With the arrival of the 2004 Maxima sedan this spring, Nissan continues its hot streak of introducing innovative, eye-catching new products.

But I can't help thinking it's a little too weird.

What Nissan has done in the past few years, besides getting taken over by Renault -- which turned around a company that was going broke -- is to create a series of exciting cars and trucks. The list includes the Altima, the Xterra, the Murano, the 350Z and the Infiniti G35.

What all these cars shared was a somewhat out-there look. They certainly aren't being confused with the sedans, coupes, SUVs and sports cars being sold by rivals Toyota and Honda.

But, to me, the edgy styling and the availability of splashy colors (yellow on the Xterra, a bronze-y orange on the Z and the Murano) felt like an attention-grabbing gimmick.
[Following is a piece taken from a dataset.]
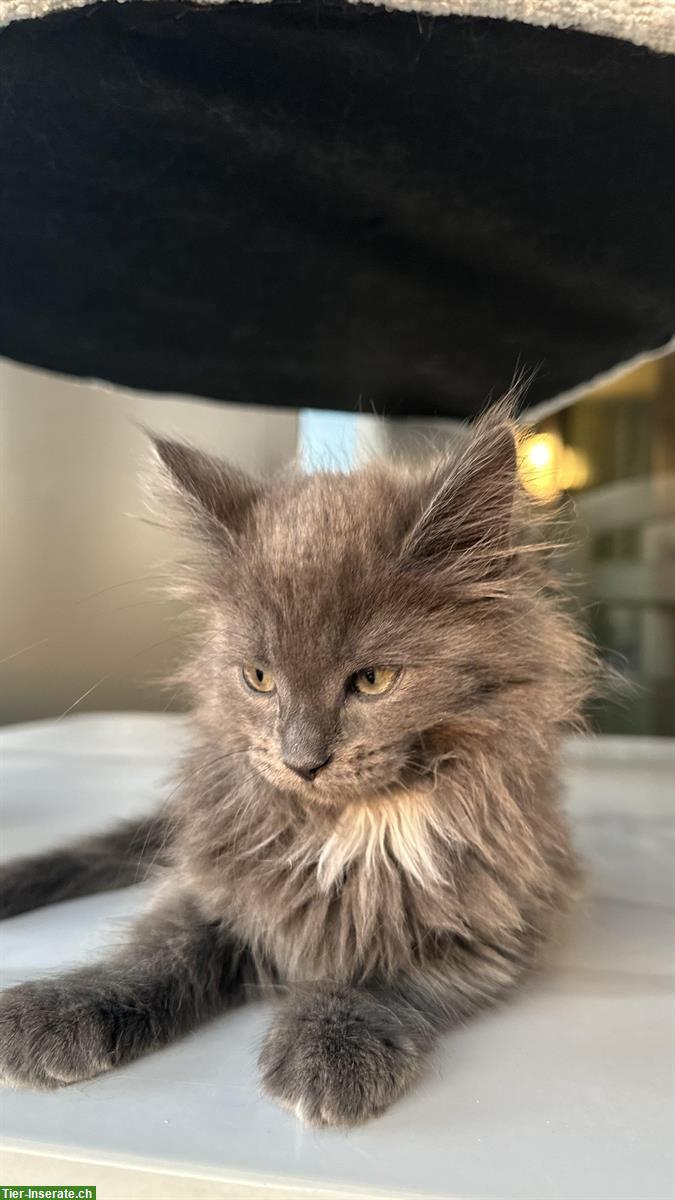 Bild 5: Maine Coon x Angora Kitten suchen ab 7. Sept ein liebes Zuhause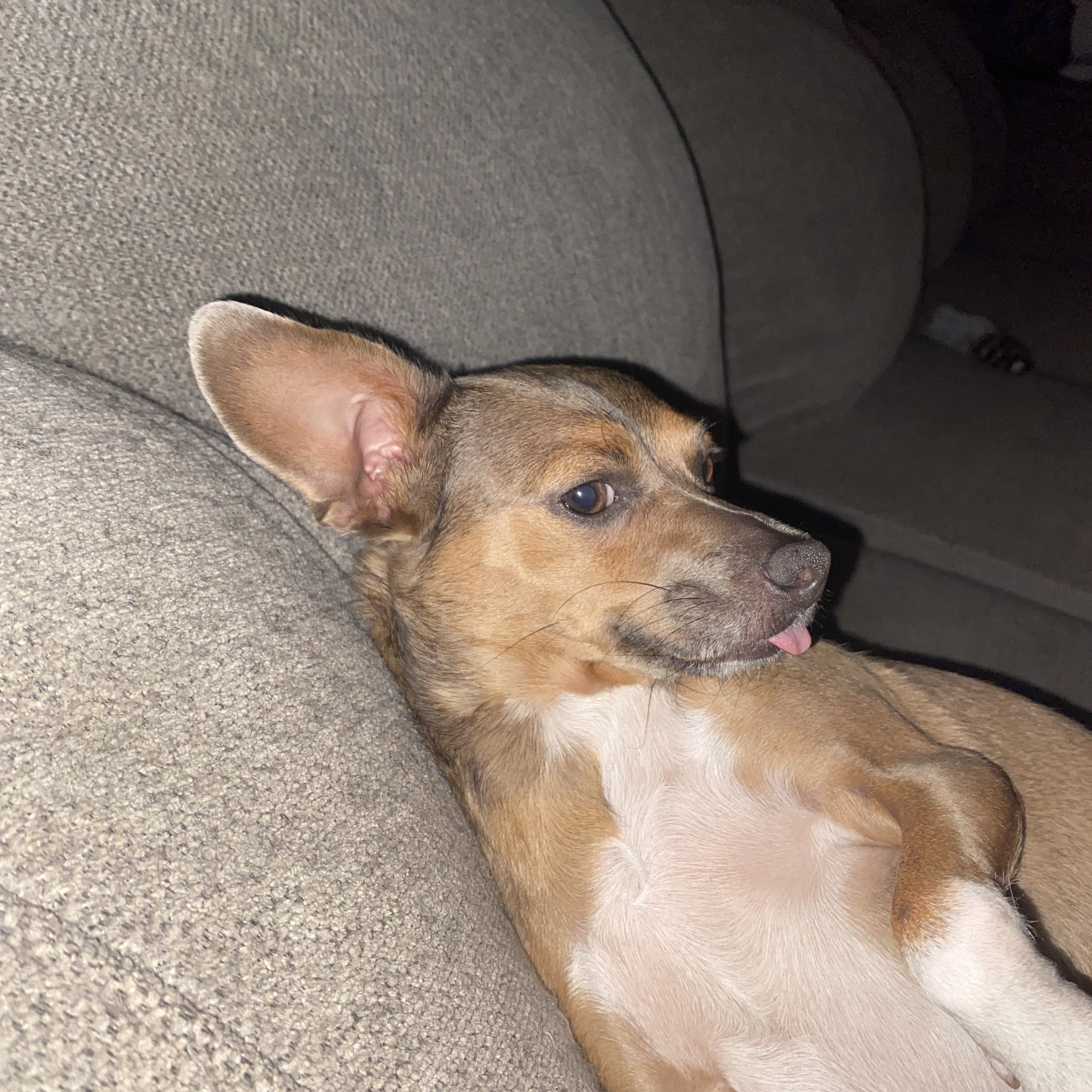 Enlarge Skyler, a Adopted Chihuahua in San Diego, CA image 3/6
I realize now that I was wrong. The look (and the color palette) is, for better or worse, the new personality of Nissan.

Take the Maxima. Our test car was painted a shade that was similar to the one seen earlier on the Z and Murano. On the Maxima, Nissan calls it Radiant Ember. My kids call it "the orange car."

And the styling, which I think I'm starting to like, is pretty radical. It's all round, even arch-shaped, like a VW sedan, but much more muscular. The grille is bold and toothy with a unique pattern of shiny bits. The wheel wells are huge -- to accommodate the 18-inch tires on our test car. The sides are smooth, and the rear is well-done and includes a subtle spoiler.

The oddest treatment, however, is what Nissan calls its Skyview roof. Seen from above, it looks like a Band-Aid across the top of the car. What it is is a kind of sunroof, except it doesn't open up to let the wind in, which is totally bizarre. Instead, both front- and back-seat passengers have sliding panels that roll away to reveal the sunshine -- or rain. (A regular sunroof is available.)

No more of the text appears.